The forum will experience an outage sometime between February 10 at 7:00pm EST and February 12 at 11:59 EST for installation of security updates. The actual time and duration of the outage are unknown but attempts will be made to minimize the downtime. We apologize for any inconvenience.
create function bludata.onlyNumber(in val long varchar)
returns long varchar
begin
  declare sTemp long varchar;
  declare iCount integer;
  set iCount=1;
  set sTemp='';
  while iCount <= length(val) loop
    if substring(val,iCount,1) in( '0','1','2','3','4','5','6','7','8','9') then
      set sTemp=sTemp+substring(val,iCount,1)
    end if;
    set iCount=iCount+1
  end loop;
  return sTemp
end

Actually, set sTemp='' consumes 13.6% of exec time and if line 86.4%
I need to improve because this stored function is executed more than 10k times/minute.

asked 01 Dec '09, 18:26

Zote's gravatar image

Zote
1.7k364050
accept rate: 43%

Are the number characters always together, or is there something between number chars? What kind of input will the procedure get? You might be able to use a regular expression to extract the numbers.

(01 Dec '09, 20:10) Ben S

I have rewrited using your tips. Thank you all!
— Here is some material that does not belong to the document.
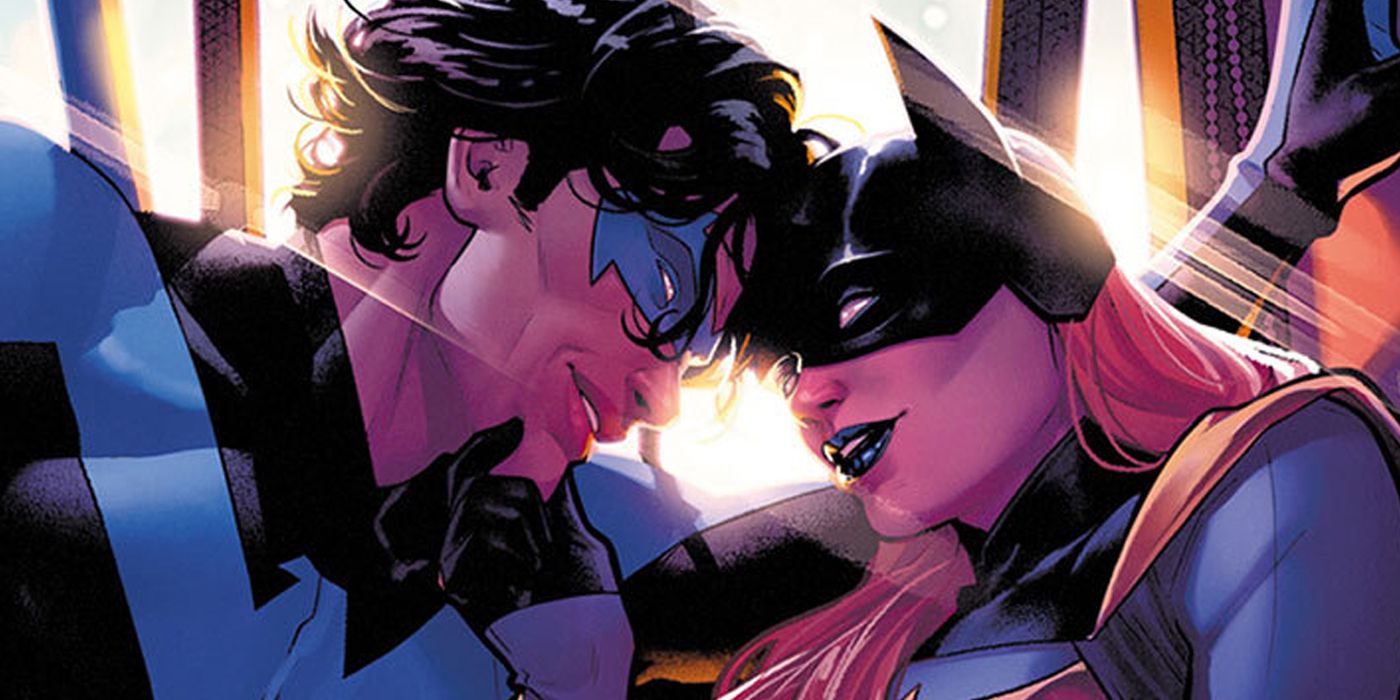 Nightwing and Batgirl getting close under spotlights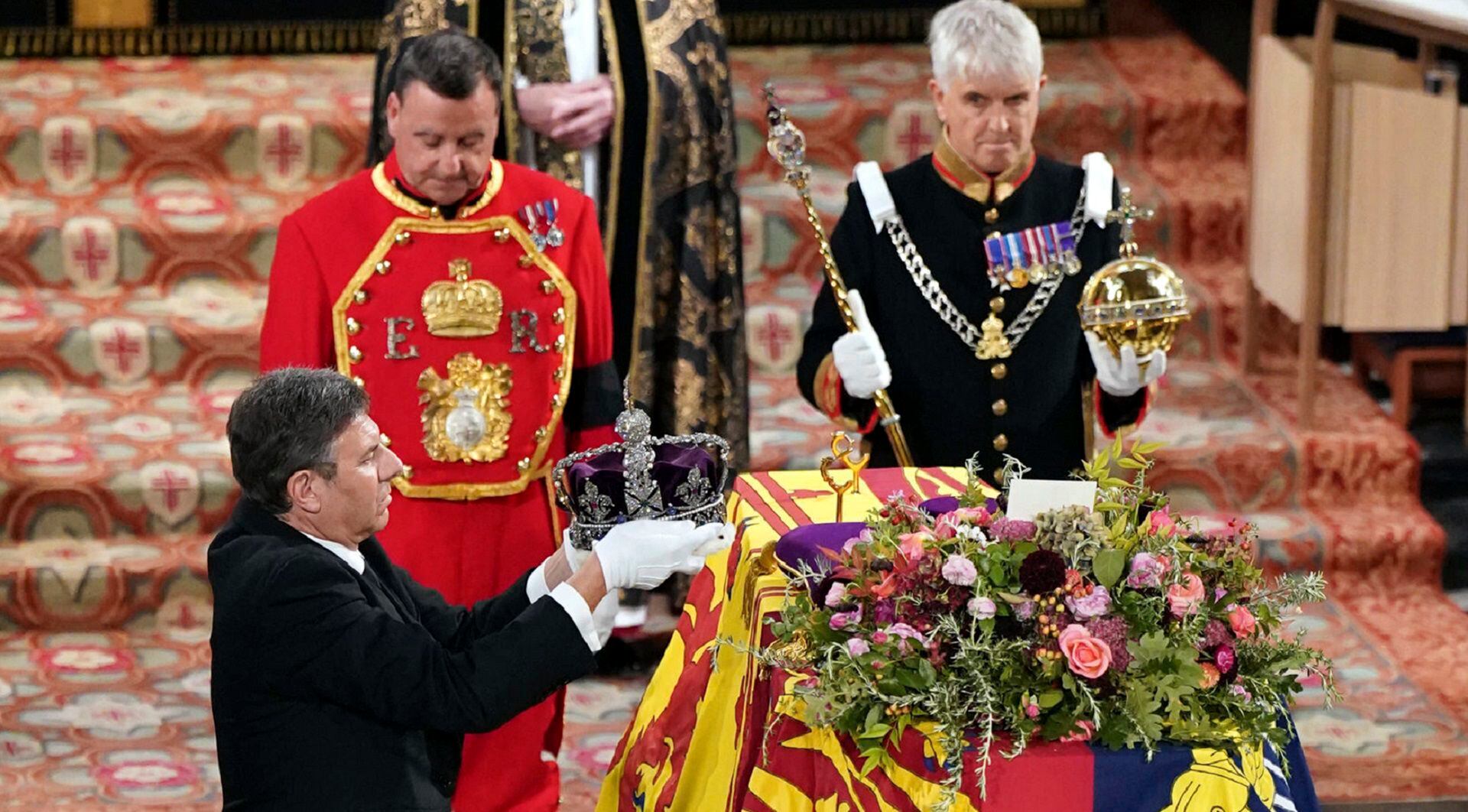 The Crown Jeweller, left, removes the Imperial State Crown from the coffin of Britain's Queen Elizabeth II during a committal service at St George's Chapel, Windsor Castle, in Windsor, England, Monday, Sept. 19, 2022. (Joe Giddens/Pool Photo via AP)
ALTER FUNCTION "bludata"."onlyNumber"(in val long varchar)
RETURNS long varchar
DETERMINISTIC
BEGIN
    declare sTemp long varchar;
    declare iCount integer;
    declare currentSize integer;
    declare currentChar char(1);

if patindex('%[^0-9]%', val) = 0 then
        return val;
    end if;

set iCount = 1;
    set sTemp = '';
    set currentSize = length(val);

while iCount <= currentSize loop
        set currentChar = substring(val, iCount, 1);
        if isNumeric(currentChar) = 1 then
            set sTemp = sTemp + currentChar;
        end if;

set iCount = iCount + 1;
    end loop;

return sTemp;
END
permanent link

answered 08 Dec '09, 12:19

Zote's gravatar image

Zote
1.7k364050
accept rate: 43%

1

Did you run some tests and get give us a hint of the performance improvements ?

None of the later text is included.